Your first job is to:
- detect where NaNs exist
- count them
- decide whether they are acceptable


In [9]:
nan_defects = df[df["defect_count"].isna()].index
print(f"Indexes with missing defect counts: {nan_defects.tolist()}")

Indexes with missing defect counts: [4, 7, 11]


In [10]:
df[df["defect_count"].isna()].index

Index([4, 7, 11], dtype='int64')

In [11]:
df["defect_count"].isna()

Unnamed: 0,defect_count
0,False
1,False
2,False
3,False
4,True
5,False
6,False
7,True
8,False
9,False


In [12]:
df[df["defect_count"].isna()]

Unnamed: 0,wafer_id,lot_number,defect_count,yield_percent,inspection_stage
4,105,L2,,94.8,final
7,108,L3,,89.5,final
11,112,L5,,92.0,final


In [13]:
df[df["defect_count"].isna()].index

Index([4, 7, 11], dtype='int64')

In [14]:
list(df[df["defect_count"].isna()].index)

[4, 7, 11]

In [15]:
df[df["defect_count"].notna()]

Unnamed: 0,wafer_id,lot_number,defect_count,yield_percent,inspection_stage
0,101,L1,5.0,92.5,final
1,102,L1,2.0,90.2,final
2,103,L2,2.0,95.0,initial
3,104,,0.0,93.1,initial
5,106,L3,3.0,96.0,final
6,107,L3,2.0,,initial
8,109,L4,1.0,90.0,initial
9,110,L4,2.0,88.0,
10,111,L5,3.0,93.1,final


In [16]:
df[df.isna().any(axis=1)]

Unnamed: 0,wafer_id,lot_number,defect_count,yield_percent,inspection_stage
4,105,L2,,94.8,final
6,107,L3,2.0,,initial
7,108,L3,,89.5,final
11,112,L5,,92.0,final


In [17]:
df["lot_number"] = df["lot_number"].replace("", np.nan)
df["inspection_stage"] = df["inspection_stage"].replace("", np.nan)

In [18]:
df = df.replace(r'^\s*$', np.nan, regex=True) # It replaces any cell that contains only whitespace (or is empty) with NaN, across the entire DataFrame.

In [19]:
df.isna().sum()

Unnamed: 0,0
wafer_id,0
lot_number,1
defect_count,3
yield_percent,1
inspection_stage,1


Note that if missing values are left unhandled:
*   Silent bias through row dropping
    *   Many downstream analyses (correlation, modeling) will automatically drop rows with NaN, changing the effective dataset without explicit awareness.
*   Incorrect averages and rankings
    *   If missing values are implicitly or explicitly treated as zero later, defect rates will be biased downward, leading to incorrect lot- or stage-level comparisons.

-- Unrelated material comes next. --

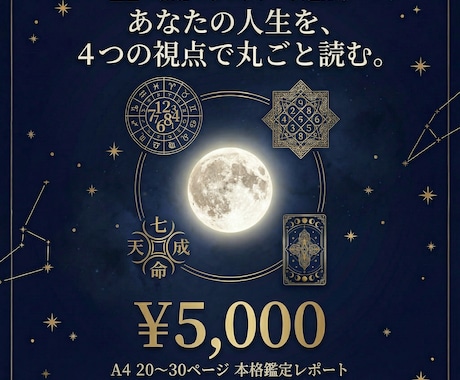 フル鑑定 4術合わせた総合個別レポートを作ります 星座・数秘・タロット・四柱推命で丸ごと読む イメージ1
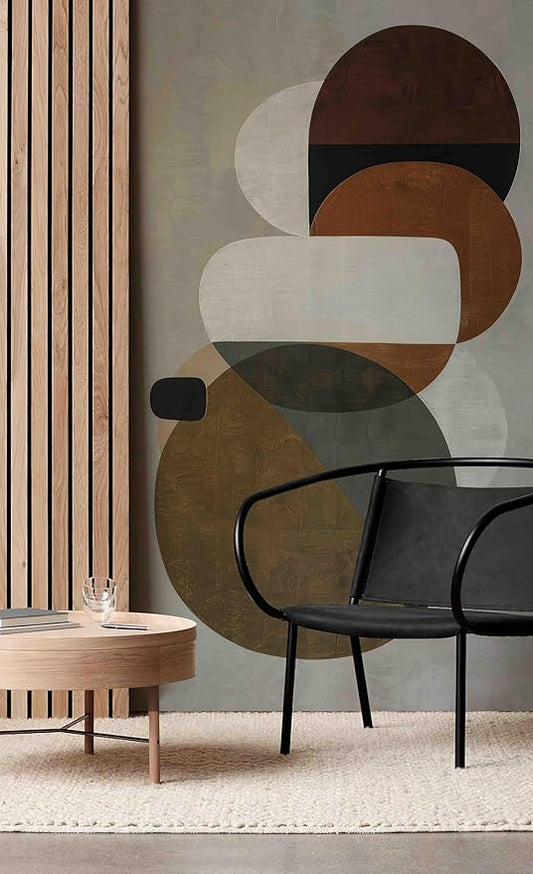 Zeeko Modern Abstract Geometrical Wall Mural Peel and Stick 59" x 110" Mid Century Irregular Line Self Adhesive Removable Wallpaper for Hallway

### Exercise DP-1: Missing values decision
1. Which column has the most missing values?

2. For the three strategies below to handle the missing values, and state one benefit + one risk for each.
*   Strategy A
    *   Drop rows with missing values (listwise deletion)
*   Strategy B
    *   Impute missing values using contextual statistics (e.g., median by lot or stage)
*   Strategy C
    *   Impute values and explicitly flag augmented rows


### Part 2 — Replacing missing values (fill)
Filling missing values introduces an **assumption**.
Common choices include:
- mean/median (numeric)
- a sentinel value (e.g., 0) **only if it makes domain sense**

The three strategies above were example strategies. Do not assume they are always appropriate. We will practice these strategies here.


In [20]:
data = {
    "wafer_id": [101, 102, 103, 104, 105, 106, 107, 108, 109, 110, 111, 112],
    "lot_number": ["L1", "L1", "L2", "", "L2", "L3", "L3", "L3", "L4", "L4", "L5", "L5"],
    "defect_count": [5, 2, 2, 0, np.nan, 3, 2, np.nan, 1, 2, 3, np.nan],  # rows 4, 7, 11
    "yield_percent": [92.5, 90.2, 95.0, 93.1, 94.8, 96.0, np.nan, 89.5, 90.0, 88.0, 93.1, 92.0],  # row 6
    "inspection_stage": ["final", "final", "initial", "initial", "final", "final", "initial", "final", "initial", "", "final", "final"]  # row 9 has empty string
}

df = pd.DataFrame(data)

### Strategy A

In [21]:
# todo

### Strategy B

In [22]:
# todo

### Strategy C

In [23]:
# todo

### Exercise DP-2: Choose and justify a fill strategy
Pick **one** fill strategy from above (or propose your own).
1. Why is it reasonable for this dataset?
2. What bias could it introduce?
3. How would you communicate this assumption to a stakeholder?


No "right" answer. However you can refer to DP-1 for the various justifications.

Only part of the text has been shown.